Pembuatan Sediaan Histopatologi

Setelah sampel organ hati terfiksasi sempurna dilakukan trimming untuk proses dehidrasi. Potongan hati dengan ketebalan sekitar 3 mm dimasukkan ke dalam tissue cassette dan didehidrasi dengan meredam sediaan tersebut secara berturut-turut ke dalam alkohol 70%, 80%, 90%, alkohol absolut I, alkohol absolut II, xylol I dan xylol II untuk proses clearing, parafin I dan parafin II untuk embedding. Masing-masing proses perendaman pada setiap bahan tersebut dilakukan selama 2 jam pada Tissue Processor secara otomatis dengan program pengaturan tertentu. Kemudian jaringan dimasukkan ke dalam pencetak berisi parafin cair. Letak jaringan diatur sedemikian rupa agar tetap berada ditengah blok parafin. Setelah mulai membeku, parafin ditambah kembali hingga alat pencetak penuh dan dibiarkan hingga parafin dingin dan mengeras.

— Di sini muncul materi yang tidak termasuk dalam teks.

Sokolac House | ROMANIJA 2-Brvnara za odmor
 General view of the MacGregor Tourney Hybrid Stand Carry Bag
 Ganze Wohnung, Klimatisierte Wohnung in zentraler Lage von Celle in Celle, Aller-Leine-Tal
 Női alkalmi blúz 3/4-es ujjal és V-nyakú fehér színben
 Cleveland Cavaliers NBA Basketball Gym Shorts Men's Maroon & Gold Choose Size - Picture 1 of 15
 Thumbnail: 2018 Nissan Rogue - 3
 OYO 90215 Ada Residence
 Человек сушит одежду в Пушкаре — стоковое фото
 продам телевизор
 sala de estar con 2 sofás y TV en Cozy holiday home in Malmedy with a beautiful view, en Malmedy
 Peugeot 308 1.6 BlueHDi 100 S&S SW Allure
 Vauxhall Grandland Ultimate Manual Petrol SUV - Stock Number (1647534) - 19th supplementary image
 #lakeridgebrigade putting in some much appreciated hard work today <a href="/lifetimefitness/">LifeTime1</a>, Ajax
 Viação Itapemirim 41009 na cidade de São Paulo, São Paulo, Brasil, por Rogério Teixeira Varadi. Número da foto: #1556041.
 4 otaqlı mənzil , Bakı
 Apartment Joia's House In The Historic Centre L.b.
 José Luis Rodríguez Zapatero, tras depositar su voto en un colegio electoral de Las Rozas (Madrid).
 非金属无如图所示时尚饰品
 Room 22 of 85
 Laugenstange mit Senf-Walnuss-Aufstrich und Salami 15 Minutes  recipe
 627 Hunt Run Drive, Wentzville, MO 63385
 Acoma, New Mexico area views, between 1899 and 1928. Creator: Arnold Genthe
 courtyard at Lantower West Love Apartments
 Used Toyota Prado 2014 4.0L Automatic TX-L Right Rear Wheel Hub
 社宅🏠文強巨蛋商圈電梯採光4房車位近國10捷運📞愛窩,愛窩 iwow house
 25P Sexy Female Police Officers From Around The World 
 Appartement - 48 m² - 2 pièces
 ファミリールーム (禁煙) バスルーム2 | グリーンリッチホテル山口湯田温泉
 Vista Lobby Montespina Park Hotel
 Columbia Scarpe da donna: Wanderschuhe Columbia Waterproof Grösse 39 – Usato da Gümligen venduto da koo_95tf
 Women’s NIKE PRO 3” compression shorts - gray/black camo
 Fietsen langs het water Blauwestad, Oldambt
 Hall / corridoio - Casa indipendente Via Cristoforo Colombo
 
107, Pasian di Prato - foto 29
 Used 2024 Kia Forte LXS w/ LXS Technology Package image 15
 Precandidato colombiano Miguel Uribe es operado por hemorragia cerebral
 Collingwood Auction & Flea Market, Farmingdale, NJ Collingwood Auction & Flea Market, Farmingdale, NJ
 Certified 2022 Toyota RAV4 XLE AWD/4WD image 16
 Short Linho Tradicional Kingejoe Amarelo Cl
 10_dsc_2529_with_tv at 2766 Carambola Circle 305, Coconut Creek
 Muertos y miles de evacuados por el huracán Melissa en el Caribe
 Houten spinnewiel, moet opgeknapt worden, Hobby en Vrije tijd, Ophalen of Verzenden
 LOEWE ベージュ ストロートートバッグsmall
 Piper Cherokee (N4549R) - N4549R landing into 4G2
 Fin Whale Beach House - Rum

Pemotongan jaringan dengan mikrotom dilakukan pada ketebalan 5 μm. Hasil pemotongan yang berbentuk pita diletakkan diatas permukaan air hangat bersuhu 45 OC dengan tujuan menghilangkan lipatan-lipatan. Sediaan diangkat dari permukaan air dengan gelas objek yang telah diulasi larutan albumin yang berguna untuk merekatkan jaringan. Setelah itu, preparat dikeringkan semalam dalam inkubator bersuhu 60 OC.

Perwarnaan

Sediaan dimasukkan ke dalam xylol dua kali selama 2 menit (Deparafinisasi). Kemudian sediaan direhidrasi yang dimulai dari alkohol absolut sampai alkohol 80% dengan waktu masing-masing dua menit. Selanjutnya sediaan dicuci dalam air mengalir.

Sediaan yang sudah bersih diberi pewarnaan Mayer’s Hematoxylin selama 8 menit, kemudian dibilas dengan air mengalir dan dicuci dengan lithium karbonat selama 15-30 detik, dibilas dengan air dan akhirnya diwarnai dengan pewarna Eosin selama dua menit. Untuk menghilangkan warna Eosin yang berlebihan, sediaan dicuci dengan air mengalir dan dikeringkan. Kemudian sediaan dicelupkan kedalam alkohol 90% sebanyak 10 kali celupan, alkohol absolut I 10 kali celupan, alkohol absolut II selama 2 menit, xylol I selama satu menit, dan xylol II selama dua menit. Sediaan dikeringkan terlebih dahulu sebelum ditetesi

dengan perekat permount dan kemudian ditutup dengan penutup dan disimpan beberapa menit hingga zat perekat mengering. Setelah itu, preparat siap untuk diamati dengan menggunakan mikroskop cahaya. Identifikasi dan pengamatan preparat dilakukan di Bagian Patologi, Departemen Klinik, Reproduksi dan Patologi Fakultas Kedokteran Hewan, Institut Pertanian Bogor.

Pemeriksaan Histopatologi

Pemeriksaan histopatologi menggunakan mikroskop cahaya. Pada hati yang menjadi perhatian pada pemeriksaan histopatologi adalah perubahan- perubahan yang terjadi pada sel hati dengan melihat keadaan sitoplasma dan kondisi dari inti sel. Parameter yang diamati adalah degenerasi hidropik, degenerasi lemak dan nekrosa. Pengamatan dilakukan terhadap 40 lapang pandang dengan pembesaran 40x atau luas 180 μm2 dengan menggunakan mikrometer.

Analisa Data

Data yang telah diperoleh akan dianalisa dan diuji dengan metode statistik ANOVA dengan α pada 0.05 dilanjutkan metode Duncan program SAS.